Les limites sont nécessaires à tout âge de la vie, elles structurent le temps, l’espace, la vie en société… elles délimitent notre environnement, nos relations sociales, nous offrent un cadre dans lequel évoluer.
Après des siècles de limites mises par la société aux familles, aux parents, aux enfants eux-mêmes a succédé l'ère de l'autonomie, de la libre expression, de l'épanouissement personnel... Difficile de s’y retrouver aujourd’hui entre tous les conseils prodigués par les uns et les autres. Entre la valorisation d’une éducation toujours plus « positive », plus bienveillante et ses opposants qui soutiennent une vision d’un passé où l’autorité n’était jamais contestée, les parents d’aujourd’hui ont de quoi se sentir perdus.
Aujourd’hui, la société donne parfois l’impression que les limites sont devenues extensibles : la science, la technologie offrent l’illusion que tout est possible, dans une immédiateté toujours plus grande. La société de consommation nous fait penser que tout peut s’acheter. Or, l’être humain ne peut pas tout avoir, tout faire ou tout être. Il est par essence limité.
De la même manière, éduquer un enfant sans lui mettre de limites, c’est lui laisser penser que, dans la vie tout est possible, que les relations humaines sont exemptes de règles, qu’il va pouvoir modeler le monde selon ses propres désirs et envies. Or, il n’en est rien. L’enfant nait dans un monde qui le précède, avec ses règles, ses codes. Le rôle de parents, d’éducateur est de l’inscrire dans ce monde qui lui préexiste. En mettant des limites aux enfants, nous leur transmettons notre expérience du monde.
Un enfant, pour se sentir en sécurité doit sentir que les adultes face à lui sont solides, consistants et qu’ils savent ce qui est bon pour lui : le nombre d’heures de sommeil dont il a besoin, ses temps d’écrans, ce qu’il peut faire ou non… Et c’est à ce prix qu’il se construit, en prenant appui pour s’opposer.
Quand l’enfant est tout petit, les limites sont physiques : les bords de son lit, les bras de ses parents… ce sont ces contours qui le rassurent, au sein desquels il se sent contenu, tout comme il l’était dans le ventre maternel. Au cours de son développement, les limites passent petit à petit par la parole : « ne touche pas à ça, tu vas te faire mal… ». Nous lui délimitons un espace dans lequel il peut évoluer en sécurité. Et c’est grâce à cette découverte progressive du cadre et par l’apprivoisement de son environnement que l’enfant va pouvoir petit à petit s’autonomiser.
Penser le cadre
Penser le cadre, les limites qui y sont inhérentes et les sanctions quand il y a transgression aidera à ne pas réagir trop impulsivement, ou de proférer des menaces non constantes ou irréalistes (si tu continues, je te laisse sur le bord de la route…). Même si éduquer confronte toujours à de l’inattendu, de la surprise, de la nouveauté, il sera plus simple de naviguer si les grandes lignes, les valeurs, le cadre ont été pensés.

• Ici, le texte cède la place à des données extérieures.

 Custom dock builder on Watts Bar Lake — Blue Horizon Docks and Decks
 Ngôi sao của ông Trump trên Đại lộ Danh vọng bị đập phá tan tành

Privilégier des sanctions en lien et proportionnelles avec la transgression ; réparer ce qui a été cassé, isoler l’enfant pour qu’il se calme, le priver d’écrans, lui faire ramasser des papiers dans la cour de l’école… Elles seront pensées en fonction de l’âge de l'enfant, de son niveau de développement, de sa personnalité.
Sanctionner ne signifie pas humilier ni faire la démonstration d’une supposée supériorité. Il s’agit de pouvoir rappeler le cadre dont l’enfant a besoin pour grandir. C’est une manière de conscientiser, d’apprendre à l’enfant à devenir progressivement responsable et de mettre un stop à l’événement pour passer à autre chose. Une fois le calme revenu, revenir avec l’enfant sur les transgressions et la sanction, chercher à comprendre avec l’enfant ce qu’il s’est passé est parfois porteur… C'est tout un processus de mettre des limites !
La cohérence éducative
Enfin, les limites doivent être, autant que possible cohérentes. Pas nécessairement entre tous les adultes qui s'occupent de l’enfant. Mais chaque adulte doit accepter et légitimer (sauf exception) les limites mises par les autres. L'attitude séductrice d'un parent ou d’un éducateur qui laisse faire, voire cache les bêtises, parce qu'il pense que l'autre adulte est trop sévère ou injuste est délétère pour l’enfant. Cela risque de détricoter le cadre posé, et de créer une confusion déstabilisante pour l’enfant.
Il ne faut jamais perdre de vue que la meilleure manière de permettre à un enfant d'intégrer la limite est d'avoir nous-mêmes une attitude en cohérence avec celle-ci : « L'exemple, c'est nous ».